Family networks responsible for “slavery” in Ghana – Global Slavery Index

child labour

There are an estimated 193,100 people in slavery in Ghana, according to the 2014 Global Slavery Index (GSI) report.

Trafficking for forced labour is the most prevalent form of modern slavery. Internal trafficking, particularly of children, is more widespread than transnational trafficking.

Within Ghana, sectors most affected by modern slavery are small scale fishing, small scale mining, domestic service and agriculture.

The human trafficking in Ghana does not occur through networks of organised crime and across national borders. Rather, it often occurs through small, family related networks, whereby parents and family members knowingly or unknowingly facilitate the process.

Boys and girls are moved within the country and subjected to conditions of forced labour in fishing, domestic service, street hawking, begging, portering, the sex industry and agriculture.

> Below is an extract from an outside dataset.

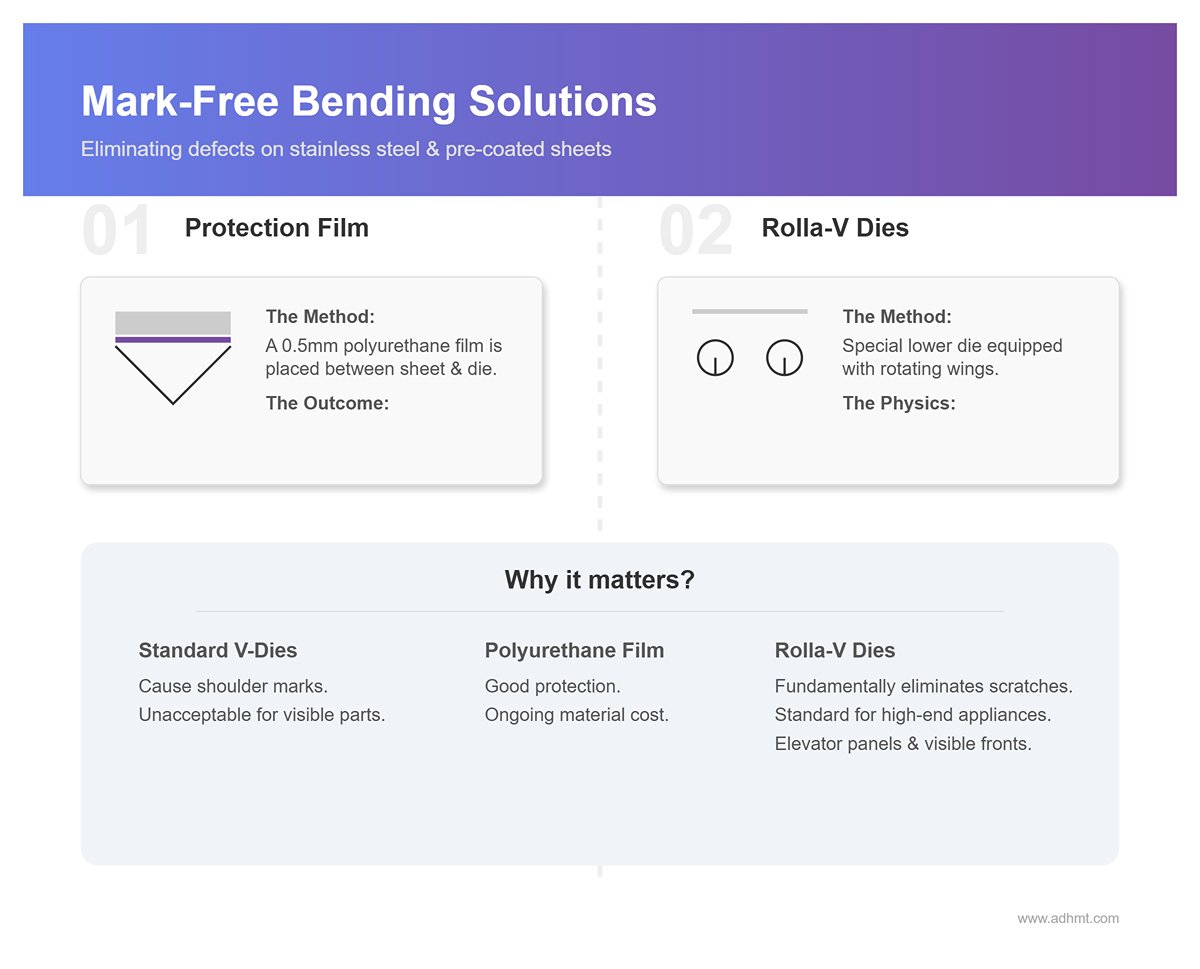 Mark-Free Bending Solutions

Ghana is ranked at 21 out of the 167 countries surveyed.

Globally, some 35.8 million people are currently trapped in modern-day slavery, forced to pick cotton, grow cannabis and prostitute themselves among other things, the GSI report says.

In its second annual report, the GSI showed some 20 percent more people were enslaved across the world than originally thought.

“There is an assumption that slavery is an issue from a bygone era. Or that it only exists in countries ravaged by war and poverty,” said Andrew Forrest, chairman of the Australian-based Walk Free Foundation which produced the report.

The foundation’s definition of modern slavery includes slavery-like practices such as debt bondage, forced marriage and the sale or exploitation of children, as well as human trafficking and forced labour.

The report, which covers 167 countries, said modern slavery contributed to the production of at least 122 goods from 58 countries. The International Labour Organisation (ILO) estimates profits from this forced labour are $150 billion (120 billion euros) a year.

Worst offenders

The biggest offender, with the highest proportion of its population enslaved, remains the west African nation Mauritania, where slavery of black Moors by Berber Arabs is an entrenched part of society.

In second place was Uzbekistan where, every autumn, the government forces over one million people, including children, to harvest cotton.

The highest numbers of modern slaves were found in India with an estimated 14.29 million enslaved.